(Input data Opens)

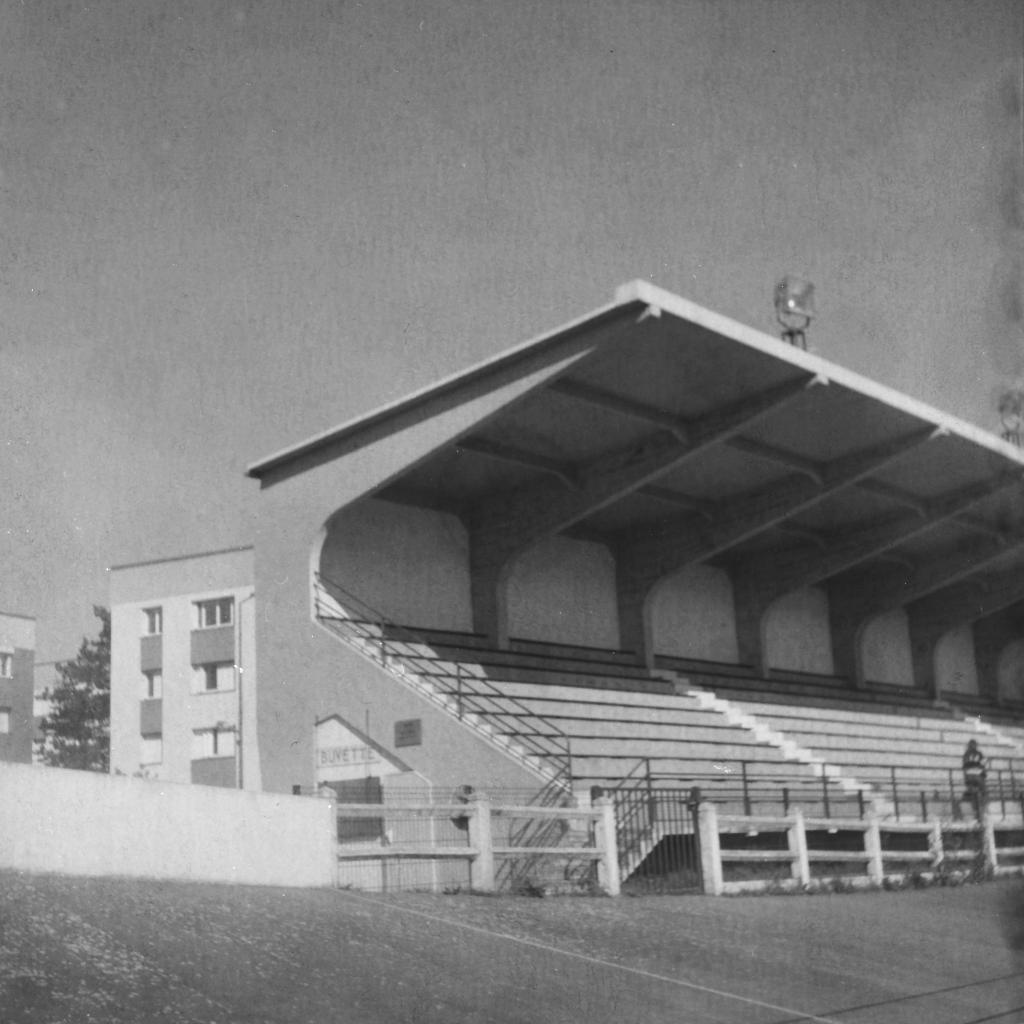 vélodrome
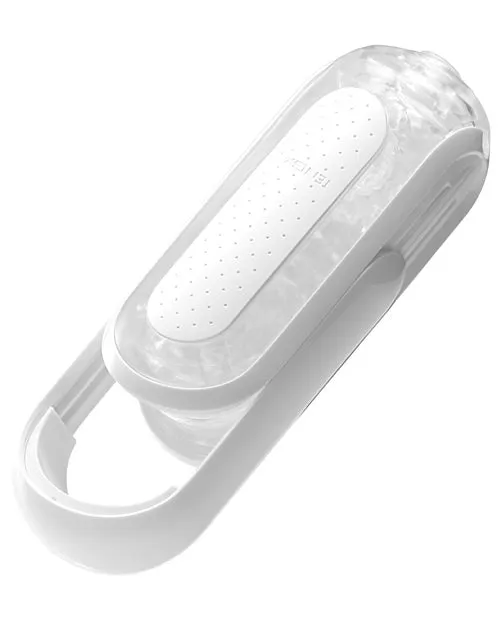 Anal TENGA Tenga Flip Zero White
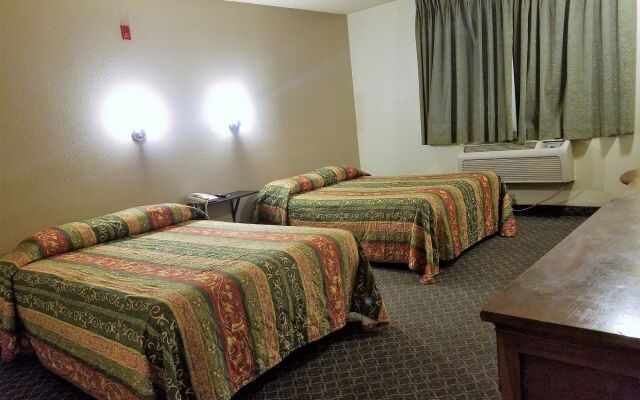Travel Time Motel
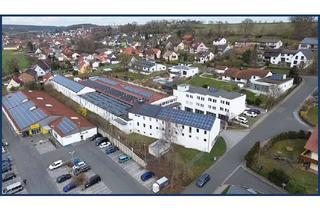Büro zu mieten in Hans-Sachs-Str., 90599 Dietenhofen, Flexible Hallen & Büros ab 28 m² – bis 765 m² kombinierbar – Gewerbepark Dietenhofen
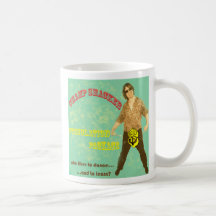 Stimulanspaket Kaffe Mugg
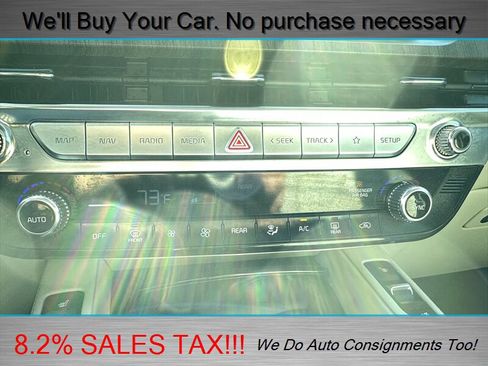 Used 2024 Kia Telluride SX Prestige image 32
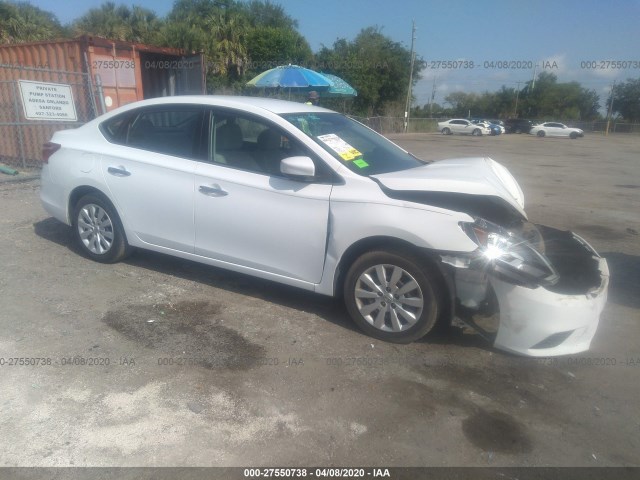 NISSAN SENTRA 2017 3n1ab7ap1hl639332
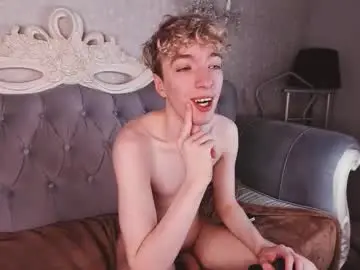 Chaturbate Adult Webcam of trevorbenson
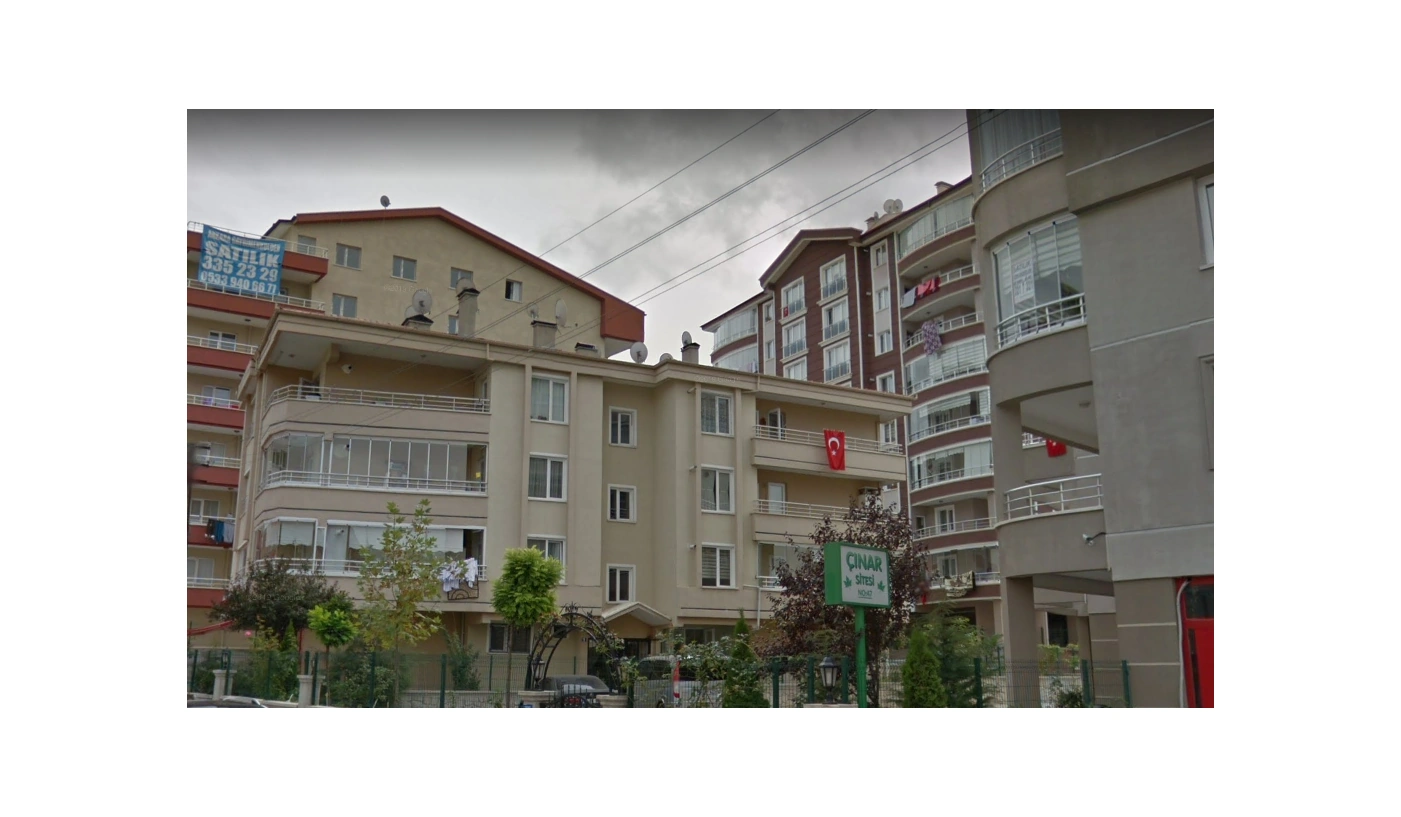 Çınar Sitesi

(Input data Closes)

▶ Exercise goal
A verbatim copy of all the records, minus the pictures, is the expected answer.

▶ Solution to this exercise
 vélodrome
 Anal TENGA Tenga Flip Zero White
Travel Time Motel
Büro zu mieten in Hans-Sachs-Str., 90599 Dietenhofen, Flexible Hallen & Büros ab 28 m² – bis 765 m² kombinierbar – Gewerbepark Dietenhofen
 Stimulanspaket Kaffe Mugg
 Used 2024 Kia Telluride SX Prestige image 32
 NISSAN SENTRA 2017 3n1ab7ap1hl639332
 Chaturbate Adult Webcam of trevorbenson
 Çınar Sitesi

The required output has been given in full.